Privacy Legislated: Facebook Leads Charge Against Stringent Privacy Bill

by Jeff Wiener on May 19, 2011

It’s good to know that Facebook and Google can agree on one thing, increased privacy restrictions are bad for business and for the future of mobile and social networking technologies.

When I wrote last week’s post I certainly never intended to make the issue of privacy into an ongoing saga, but with the news that the social networking giant has teamed with the search engine behemoth to oppose BillSB 242,” California’s so-called privacy legislation, it just seemed to all be working to prove my point.

In an increasingly technological world the simple fact is, the distinguishing line between public and private is no longer clear.
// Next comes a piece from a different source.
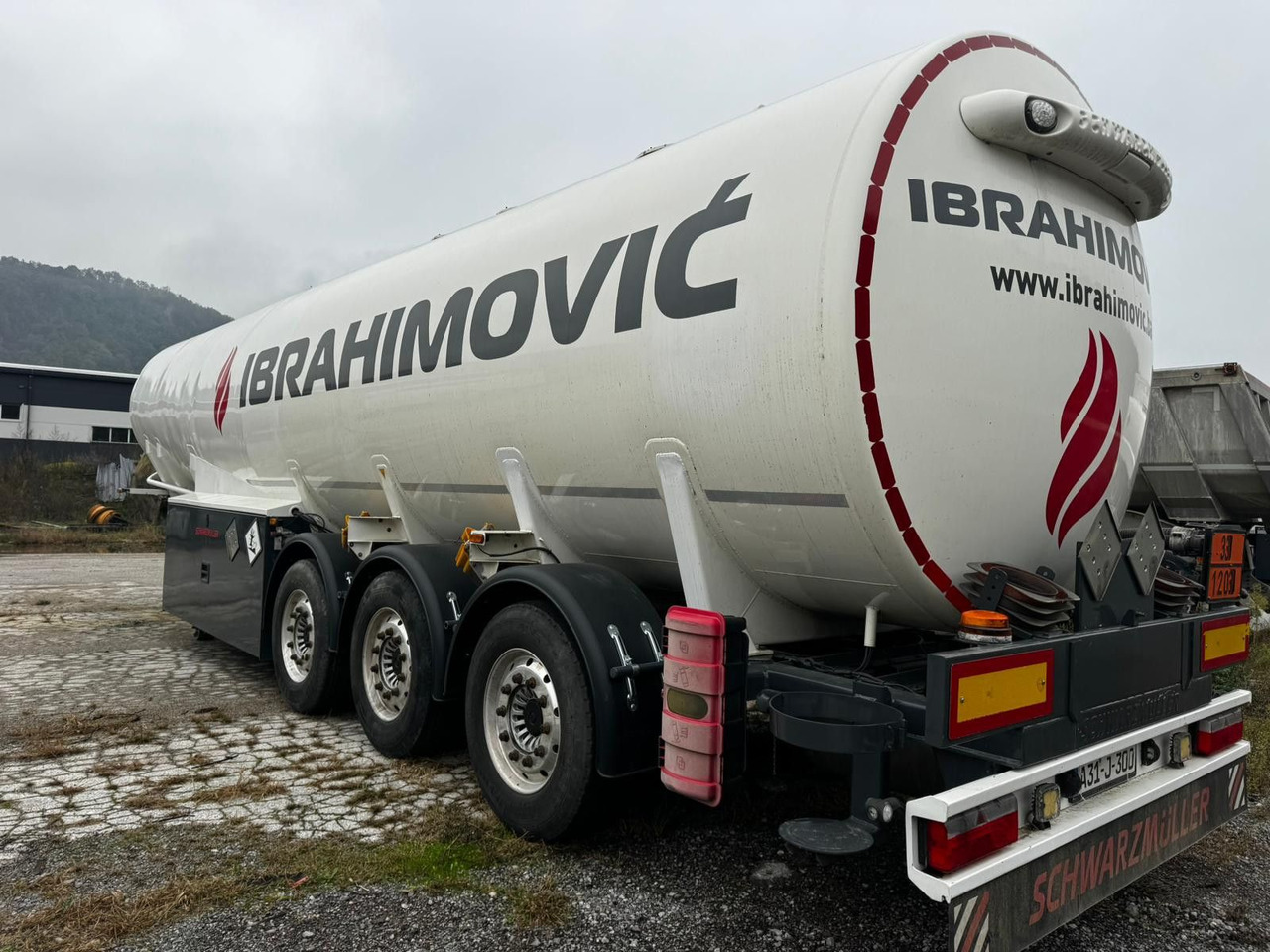 Schwarzmüller 5 Kammern, ADR, Treibstoff Fuel - Полуремарке цистерна: снимка 3 Schwarzmüller 5 Kammern, ADR, Treibstoff Fuel - Полуремарке цистерна: снимка 3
Whether its due to ignorance, evidenced by the plethora of Facebook users that post incriminating and/or overtly private information and photos on their page, or apathy, evidenced by the fact that most users seem too lazy to be bothered with privacy settings, modern social technology demands our personal information, and so if we want a future that involves social networking, we better be prepared to let that information go.
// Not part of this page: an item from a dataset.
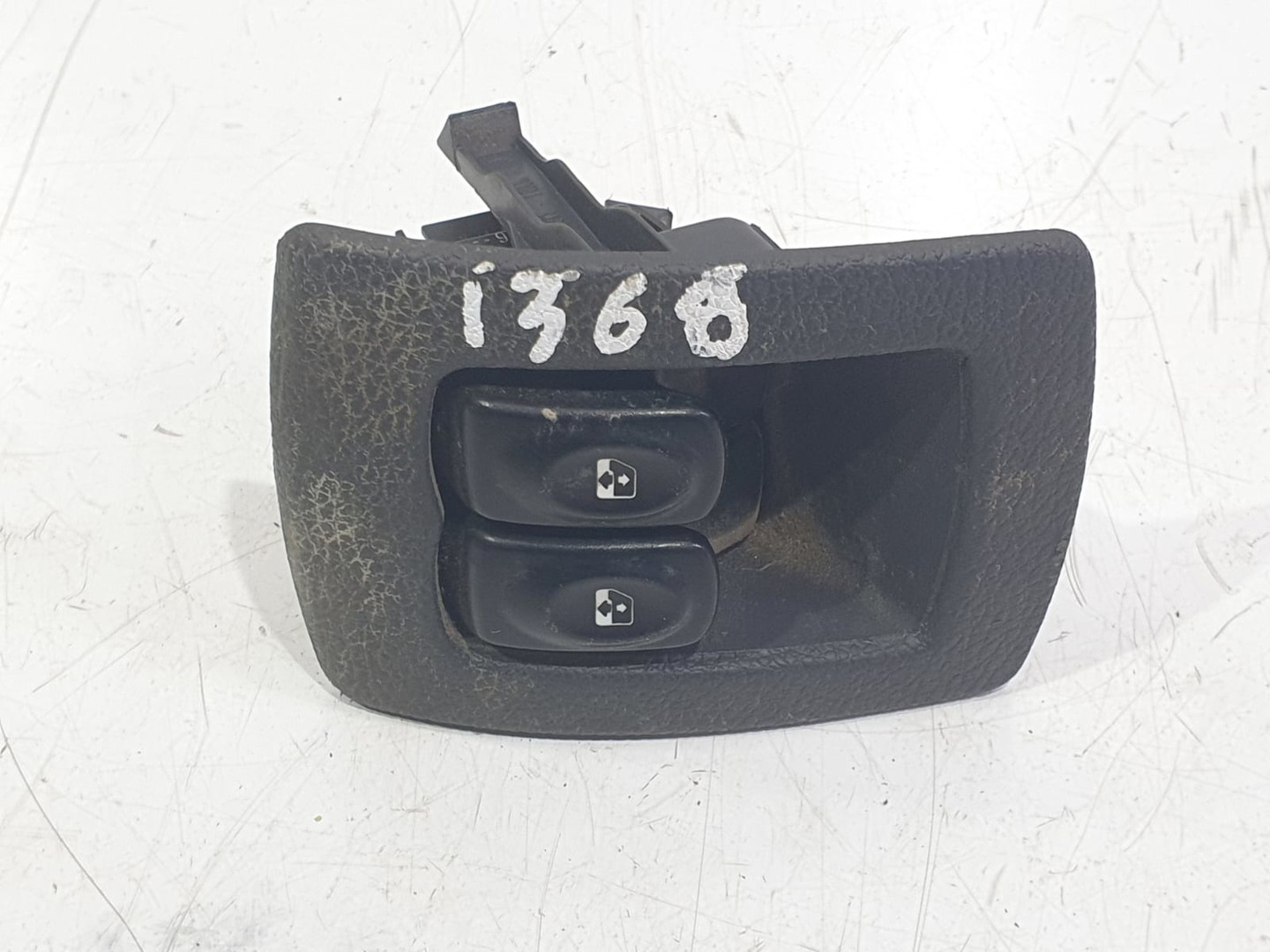 Buton geam 8200290876 Dacia Logan 1 (2004 - 2008)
Which leads me to the question, who is utlimately responsible for your privacy?

I’ll admit, on a personal level this entire conversation seems to tear me in two. As a father, I want to protect my family from the inherent dangers of overexposure on social networking sites, yet I fully understand that in some spheres, like that of a smartphone, relinquishing some of my personal information is necessary to allow my technology to operate as it should, as rather, as I want it too.

With that said, I can appreciate both sides of the privacy debate currently raging in California, as I can understand the complaints of Facebook, Google and their ilk who see the future of technology and advertising in intuitive and personal technology, and also understand the fears of the legislators representing a public that is quickly seeing its old notions of privacy dashed on the rocks of so-called “progress”.

As I mentioned last week, we’re at a crossroads and something’s got to give.

The California bill itself is rather stringent when viewed from a social netwokring perspective. It mandates, among other things, that users of such social networks be allowed—or forced—to choose their privacy settings as part of the initial registration process. Further, it would force sites to institute a maximum privacy default policy that would, by default, only share a user’s name and city. Finally, the bill would require social networks to delete any and all personal information upon request within 48 hours.

The question becomes, though, is this really the direction we want our technology to go in? As more and more users increasingly integrate sites like Facebook into their lives, as they become accustomed to services like Google’s Social Circle — a feature that attempts to incorporate social data in search results, will they want to be bothered with unending questions about allowing this and that, or will they simply want to use the technology to seamlessly connect with the world around them?

Truth be told, I’m starting to think the privacy debate is not much a debate at all, meaning that perhaps Facebook and Google are right when they say that their users don’t really care about more stringent privacy settings, they just want to connect with friends.

That’s not to say that I no longer value privacy, just that perhaps the onus for online privacy lies with the user, and should that user be underage, the parents. So perhaps we’re wasting our time and our efforts trying to legislate privacy, when instead we should begin educating the public about how to use technology safely and effectively.